The future of policing in Michiana

As the nation mourns and tries to understand the violence that has occurred this week, we wanted to know what the future of policing looks like here in Michiana.

ABC57’s Taylor Popielarz spoke with the director of the criminal justice program at Southwestern Michigan College and the post commander at the Michigan State Police post in Niles to find out what’s being done to improve community relations with police and keep recruitment numbers up for departments.

“If anything, it’s more or less strengthened their resolve, I would say, even more so,” Don Ricker, director of Southwestern Michigan College’s Criminal Justice Program, said when asked if his students still wanted to pursue careers in law enforcement after so many police-involved tragedies.

“It’s a calling, a desire to serve and to help others and that’s what motivates you,” Ricker, a former police officer, said.

He said his 120 students enrolled in his program complete a general criminal justice curriculum, but they also work closely with Michiana police.

“So the local law enforcement here from the Michigan State Police and Dowagiac Department of Public Safety and Cass County Sheriff’s Office literally will come [meet with students] on a weekly basis,” Ricker said.

That involvement in the community is something Michigan State Police are focusing on to address a growing problem.

“It seems like the number of people that are applying [to become officers] has dropped significantly in the last couple years,” Michigan State Police Lieutenant Mike Dawson, the Niles post commander, said.

Dawson said the number of highly publicized officer-involved shootings in recent years has impacted recruiting efforts.

“It’s hard to get a diverse group of recruits,” Dawson said. “Every agency is struggling. The majority of all applicants right now are white males.
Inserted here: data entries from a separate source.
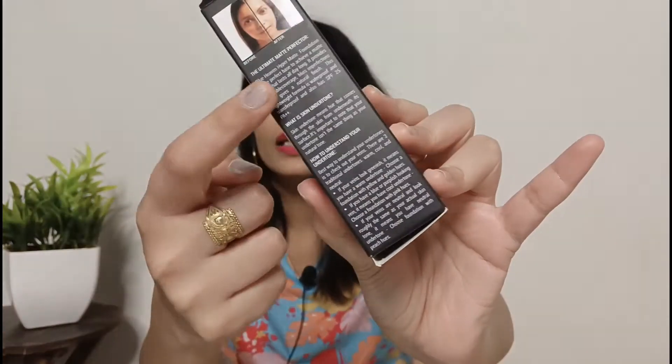All the details are mentioned on the packaging including price. It is written non-clogging — so if your pores are clogged you know what happens: pimples and skin breakouts. It claims to be a non-clogging, liquid formula foundation that is lightweight.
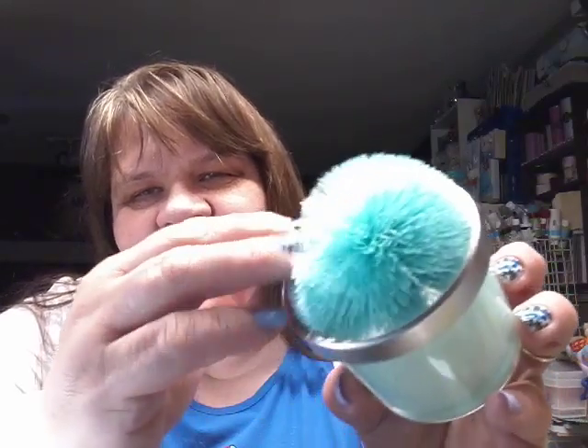Already, here I go with my Dollar Tree haul. I'll start with these — look at them, they're like a teal color and they are so soft. These are candles and they smell so nice. I just love them. I got two of those. Once I'm done burning them, I'll probably wind up taking the holder off.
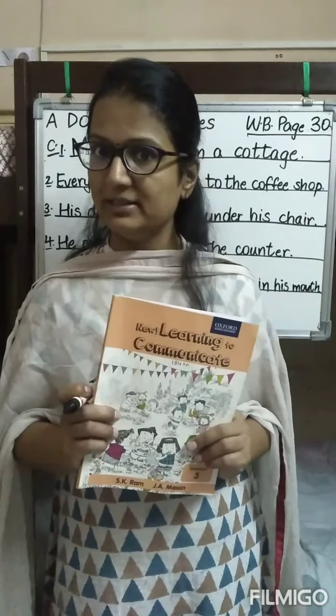Do the work in very beautiful handwriting. We will meet in our next video. Till then, bye-bye, take care.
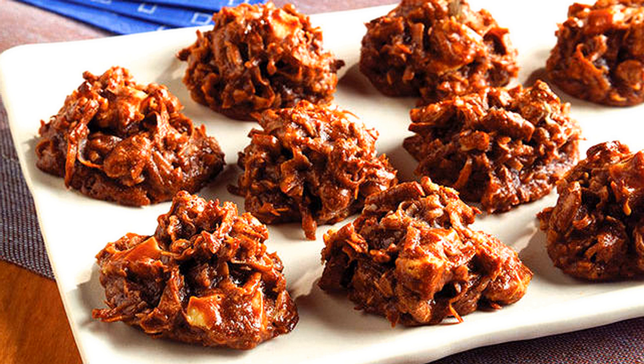Then brush the underside with cold water, and the paper can be readily stripped off. Recipe by Mrs. Cornelia C. Bedford.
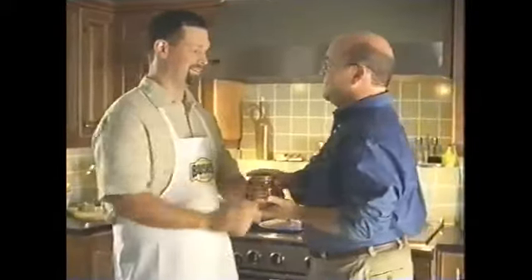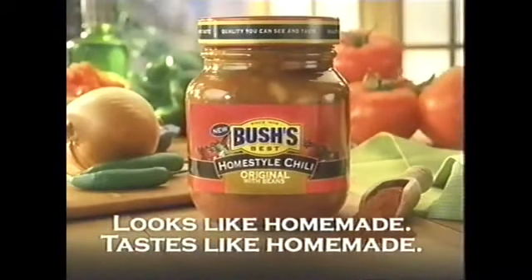Finally done? Yeah. That's one jar down. A million to go. I'm gonna need a bigger pot. Try Bush's new Homestyle Chili. Looks like homemade. Tastes like homemade.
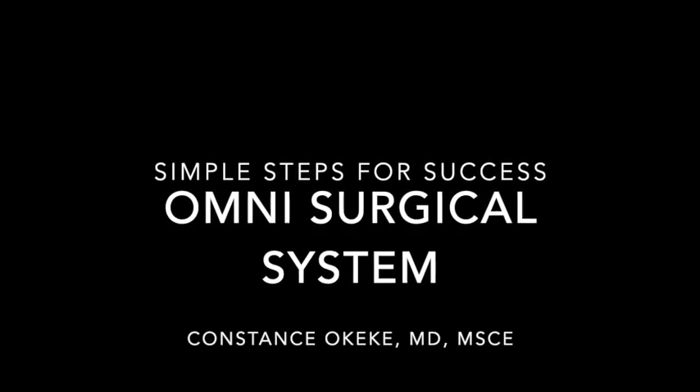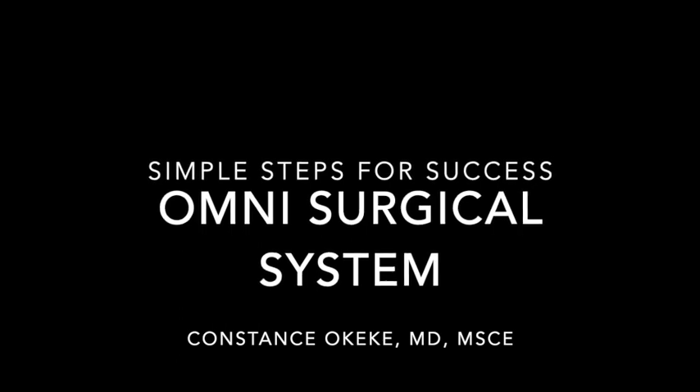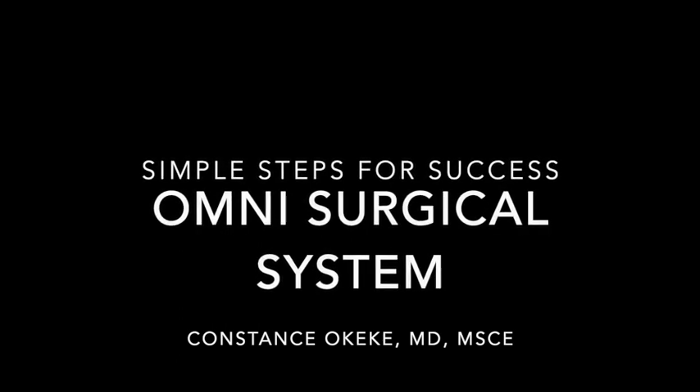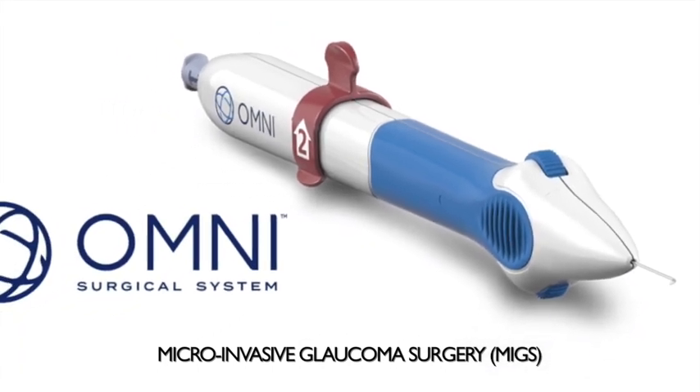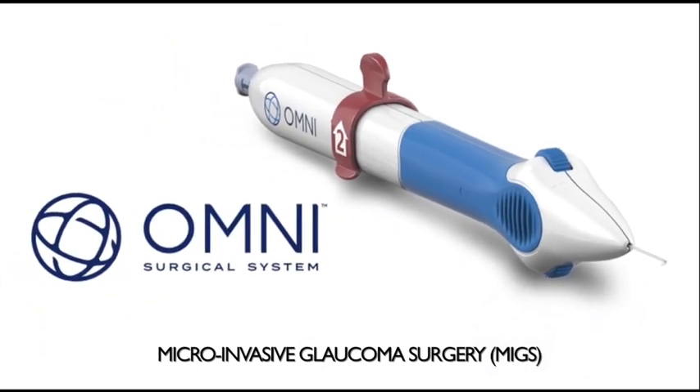iGlaucoma presents Simple Steps for Success with the Omni-Surgical System by Constance Okeke. In May of 2020, Sight Sciences launched a new handpiece for their Omni-Surgical System.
And you know, you try to figure out why, and it’s hard to explain.”

Ricker said his program’s applicant pool is reflective of that too.

“I would say the highest percentage are still, particularly with the male students, interested in policing of some sort,” Ricker said.

Dawson said the Michigan State Police is hosting more community events, increasing training for things like recognizing biases and they are putting a lot of effort into recruiting locally.

“We’re doing so much more community work than has ever been done at the local level, at the county level, at the state level,” Dawson said. “We’re spending much more time [on it] than we did 20 years ago.”

At Southwestern Michigan College, criminal justice student CJ Nix explained why he’s still determined to become a police officer, despite this week’s string of tragedies.

“I hope that this doesn’t sway anybody from pursuing their goals of becoming a member of the criminal justice force,” Nix said. “Police are always gonna be needed, violence will always be around, so, somebody’s gotta step up and do the job.”

Dawson said a big focus for his department is having his troopers work directly with community leaders – many are working closely with Berrien County ministers to improve communication with residents.